The new Elim church opened in 1998, and is an impressive structure, with a high-vaulted ceiling and lovely stained-glass windows. It comfortably seats about 700, and features state-of-the-art audio/visual equipment and other amenities.
The celebrations that marked the opening of Elim went on for weeks. But the excitement soon was dimmed by what had been the simmering concerns of many parishioners. Though no one can point to a galvanizing incident, some church leaders, including Ted Oprea, say they had begun to suspect that Druhora was stealing money from Elim.
The pastor denied wrongdoing as Oprea and others started to air their grievances. But the animosity was palpable by 1999.
"We found out that this guy is a Communist, 100 percent," Zack Oprea says. "The Devil brought this man to us. He did whatever he wanted with people and money."

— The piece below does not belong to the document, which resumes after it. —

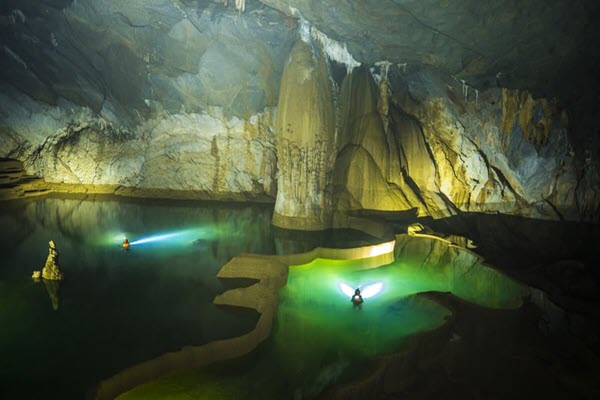 Những hang động đẹp và hút khách nhất Việt Nam được báo Tây bình chọn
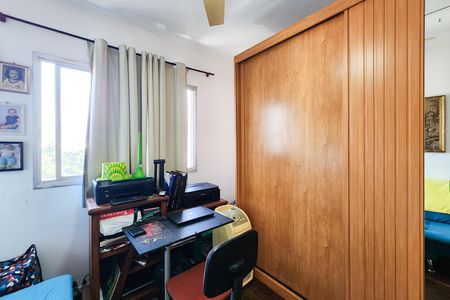 Apartamento à venda com 100m², 3 quartos e 2 vagas Apartamento à venda com 100m², 3 quartos e 2 vagasQuarto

Evidence of this, however, was inconclusive.
In mid-1999, Elim's governing board asked parishioner John Hactu, an accountant, to examine the church's ledgers. Hactu later said Druhora repeatedly refused to give him the records he needed to properly do his job. Still, his audit revealed that Elim's finances were, to be kind, a mess.
Thousands of dollars in "personal loans" to Druhora hadn't been repaid. And the pastor quietly had billed Elim for numerous personal items -- cell phones, furniture and the like.
Druhora's response was to damn the report as biased, and to disallow its presentation to the church as a whole.
Then, in an unexpected August 1999 maneuver that outraged many, Druhora disbanded the church board and installed his own supporters. The pliant new board later expelled John Hactu and others from Elim for conduct allegedly detrimental to the church.